Payoneer’s global growth: CEO Scott Galit on FY 2021 earnings

Payoneer’s global growth: CEO Scott Galit on FY 2021 earnings

In our latest report in our Post-Earnings Call Series, Payoneer CEO Scott Galit discusses the company’s strong Q4 and FY 2021 earnings and plans for the future.

Global payments specialist Payoneer once again exceeded expectations for its FY revenues for 2021, which increased 37% year-on-year to $473m, $11m above the top end of its own projections. 

Strong new customer acquisition, increased adoption of higher value services and fast-growing international markets have been key growth drivers for the company, which saw a 47% increase to $139m in Q4. YoY growth rose above 50% in some regions, including Latin America, Southeast Asia, South Asia and MENA. 

Now Payoneer is looking to further expand its B2B AP/AR offering – a key contributor to its Q4 growth – as well as increase sales resources, invest in R&D, develop new services and continue compliance.

With the company still rolling out its Payoneer Checkout product for small businesses, how will it aim to strengthen its position in developing markets and how is it responding to the changing industry? Daniel Webber spoke to Payoneer CEO Scott Galit to find out.

Topics covered:

Payoneer’s primary growth drivers

Daniel Webber: Scott, it was a great quarter and a good year. What has been driving growth for Payoneer?

Scott Galit:

We executed really well last year and everything that we had control over actually ended up going well.
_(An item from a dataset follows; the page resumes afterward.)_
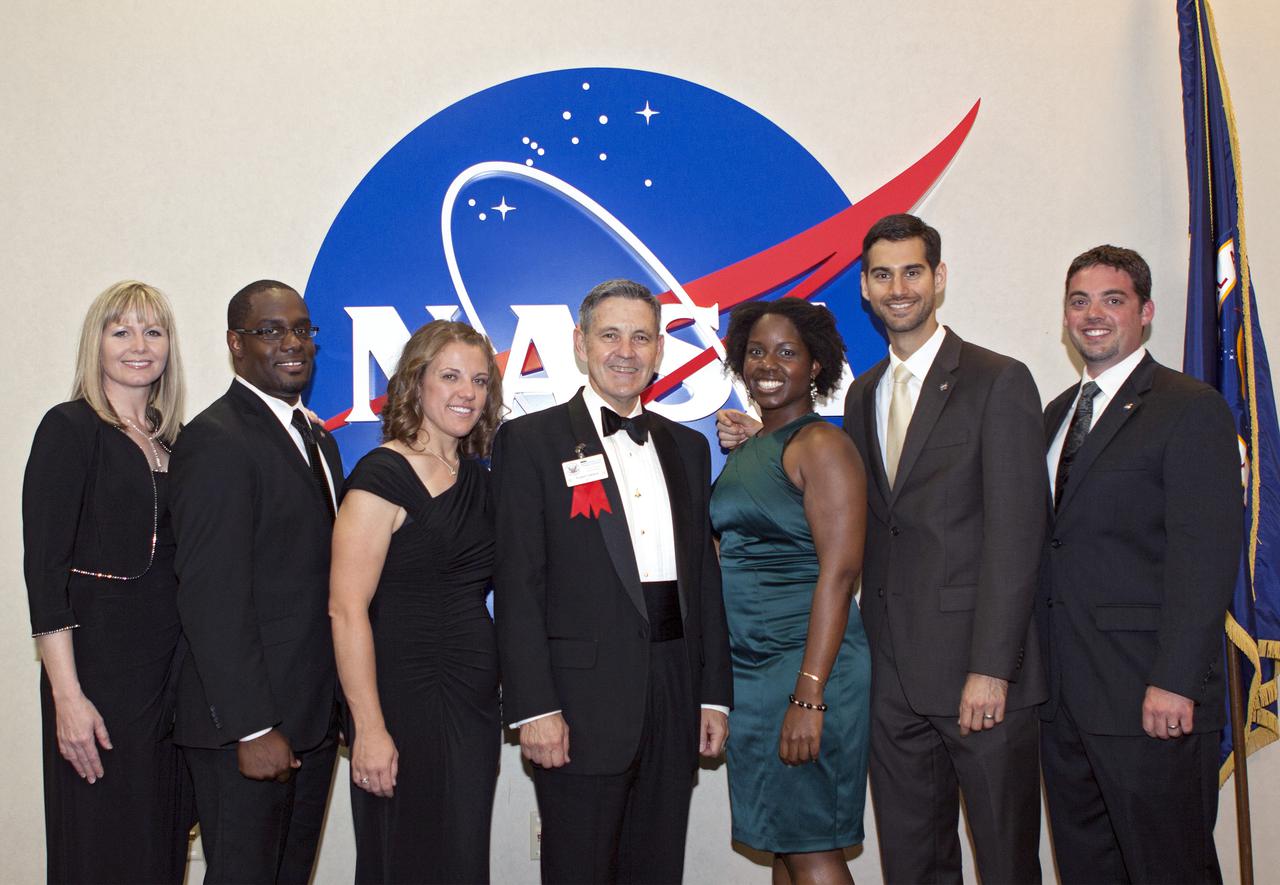 CAPE CANAVERAL, Fla. – At NASA’s Kennedy Space Center Visitor Complex in Florida, center director Bob Cabana poses with current and former interns. From the left are Joy Burkey, Robert Hubbard, Carla Koch, Cabana, LaKeesha Flowers, Michael Miller and Michael Masters.   A former U.S. Marine Corps aviator and NASA astronaut, Cabana was honored at the gala Debus Award Dinner. Named for the spaceport’s first director, the Debus Award was created to recognize significant achievements and contributions made in Florida to American aerospace efforts. The Debus Award was created by the space club's Florida committee to recognize significant achievements and contributions made in Florida to American aerospace efforts. Photo credit: NASA_Jim Grossmann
From that perspective, we’re really happy with how the year went and thinking about our sales execution, and services that really create value beyond just the movement of money is something that has been a focus for us for a while. 

That really got amplified during the year, particularly as supply chain and logistics issues and some of the other headwinds that started to impact ecommerce kicked in a bit. It helped us really highlight some of the breadth geographically, some of the diversity from a vertical market perspective and then some of the growing strengths in some of these other higher value services that we’ve been putting time and effort into to support our customers, their growth and our financial growth. 

At the end of the day, growing 47% on the top line to $139m in the fourth quarter – we were thrilled. The team did a great job. Drop in the amount of profit that we achieved while we’re ramping up investments and that just gives a sense of some of the leverage in the business model. We think we’re still really early days in building out what we think is a global-scale platform with a number of multi-trillion dollar addressable market opportunities that we’re pursuing, some of which we’re quite early in pursuing. 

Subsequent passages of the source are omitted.